* [The problem] Write out again the entries from the first line to the line that includes "B&B Hotel Pomezia Cortese Экстерьер фото", keeping both of those lines.

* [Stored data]
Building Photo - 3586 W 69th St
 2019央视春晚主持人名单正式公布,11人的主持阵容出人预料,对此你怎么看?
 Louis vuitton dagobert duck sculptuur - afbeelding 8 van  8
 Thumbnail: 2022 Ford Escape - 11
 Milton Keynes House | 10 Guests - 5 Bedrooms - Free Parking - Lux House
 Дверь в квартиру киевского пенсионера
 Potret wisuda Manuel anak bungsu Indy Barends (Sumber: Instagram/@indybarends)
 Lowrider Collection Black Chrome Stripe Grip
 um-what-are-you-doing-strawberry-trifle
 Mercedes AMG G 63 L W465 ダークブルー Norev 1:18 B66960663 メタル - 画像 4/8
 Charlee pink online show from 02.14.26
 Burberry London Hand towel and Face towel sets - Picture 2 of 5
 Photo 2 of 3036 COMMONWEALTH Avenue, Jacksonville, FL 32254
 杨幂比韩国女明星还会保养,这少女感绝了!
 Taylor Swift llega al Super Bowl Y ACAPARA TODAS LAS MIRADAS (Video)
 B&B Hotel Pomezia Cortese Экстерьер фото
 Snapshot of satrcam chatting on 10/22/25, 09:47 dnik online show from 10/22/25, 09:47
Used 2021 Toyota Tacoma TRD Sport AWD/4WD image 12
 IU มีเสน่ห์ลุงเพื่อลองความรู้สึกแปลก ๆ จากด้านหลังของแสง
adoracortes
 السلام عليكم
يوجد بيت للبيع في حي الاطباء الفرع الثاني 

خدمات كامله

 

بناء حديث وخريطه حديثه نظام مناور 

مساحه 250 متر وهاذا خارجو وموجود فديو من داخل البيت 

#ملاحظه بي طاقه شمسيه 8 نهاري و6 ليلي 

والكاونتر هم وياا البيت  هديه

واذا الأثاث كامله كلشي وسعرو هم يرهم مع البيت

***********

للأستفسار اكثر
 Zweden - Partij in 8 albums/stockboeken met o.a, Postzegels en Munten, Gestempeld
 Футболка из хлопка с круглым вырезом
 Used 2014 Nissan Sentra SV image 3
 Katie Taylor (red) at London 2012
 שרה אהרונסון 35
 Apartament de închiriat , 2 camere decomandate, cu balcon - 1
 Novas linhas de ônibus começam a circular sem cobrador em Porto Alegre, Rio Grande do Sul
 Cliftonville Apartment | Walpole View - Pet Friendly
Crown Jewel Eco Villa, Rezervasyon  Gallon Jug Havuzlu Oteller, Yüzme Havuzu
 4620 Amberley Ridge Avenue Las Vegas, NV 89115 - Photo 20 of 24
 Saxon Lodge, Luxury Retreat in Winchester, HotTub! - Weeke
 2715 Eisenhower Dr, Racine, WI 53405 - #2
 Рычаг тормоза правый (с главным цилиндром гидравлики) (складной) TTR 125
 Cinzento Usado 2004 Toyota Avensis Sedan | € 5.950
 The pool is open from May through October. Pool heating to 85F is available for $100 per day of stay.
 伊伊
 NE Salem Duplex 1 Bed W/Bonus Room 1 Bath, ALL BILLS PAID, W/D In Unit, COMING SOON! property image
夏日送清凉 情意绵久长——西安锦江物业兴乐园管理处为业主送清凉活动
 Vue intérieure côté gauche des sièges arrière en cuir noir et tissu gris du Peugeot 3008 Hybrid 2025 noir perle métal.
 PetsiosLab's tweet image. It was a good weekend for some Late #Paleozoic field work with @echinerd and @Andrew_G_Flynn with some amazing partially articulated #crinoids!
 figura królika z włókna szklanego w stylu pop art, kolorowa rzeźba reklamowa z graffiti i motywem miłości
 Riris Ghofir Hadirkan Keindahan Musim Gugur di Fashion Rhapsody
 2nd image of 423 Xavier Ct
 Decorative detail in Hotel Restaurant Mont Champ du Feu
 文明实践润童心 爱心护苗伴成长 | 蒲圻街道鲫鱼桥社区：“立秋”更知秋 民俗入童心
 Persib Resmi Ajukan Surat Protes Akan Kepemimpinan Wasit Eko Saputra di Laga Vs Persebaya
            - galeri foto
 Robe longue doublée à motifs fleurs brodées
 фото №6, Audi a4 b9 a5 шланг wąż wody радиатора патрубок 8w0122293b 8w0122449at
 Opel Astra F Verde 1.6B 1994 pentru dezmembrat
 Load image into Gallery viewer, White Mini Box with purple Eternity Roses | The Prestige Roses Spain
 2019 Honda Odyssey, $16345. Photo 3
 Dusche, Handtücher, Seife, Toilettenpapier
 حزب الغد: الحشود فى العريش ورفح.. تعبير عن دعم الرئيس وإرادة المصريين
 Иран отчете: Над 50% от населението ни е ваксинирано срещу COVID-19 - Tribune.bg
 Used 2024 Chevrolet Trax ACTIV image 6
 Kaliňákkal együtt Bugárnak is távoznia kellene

* [Output of the exercise]
Building Photo - 3586 W 69th St
 2019央视春晚主持人名单正式公布,11人的主持阵容出人预料,对此你怎么看?
 Louis vuitton dagobert duck sculptuur - afbeelding 8 van  8
 Thumbnail: 2022 Ford Escape - 11
 Milton Keynes House | 10 Guests - 5 Bedrooms - Free Parking - Lux House
 Дверь в квартиру киевского пенсионера
 Potret wisuda Manuel anak bungsu Indy Barends (Sumber: Instagram/@indybarends)
 Lowrider Collection Black Chrome Stripe Grip
 um-what-are-you-doing-strawberry-trifle
 Mercedes AMG G 63 L W465 ダークブルー Norev 1:18 B66960663 メタル - 画像 4/8
 Charlee pink online show from 02.14.26
 Burberry London Hand towel and Face towel sets - Picture 2 of 5
 Photo 2 of 3036 COMMONWEALTH Avenue, Jacksonville, FL 32254
 杨幂比韩国女明星还会保养,这少女感绝了!
 Taylor Swift llega al Super Bowl Y ACAPARA TODAS LAS MIRADAS (Video)
 B&B Hotel Pomezia Cortese Экстерьер фото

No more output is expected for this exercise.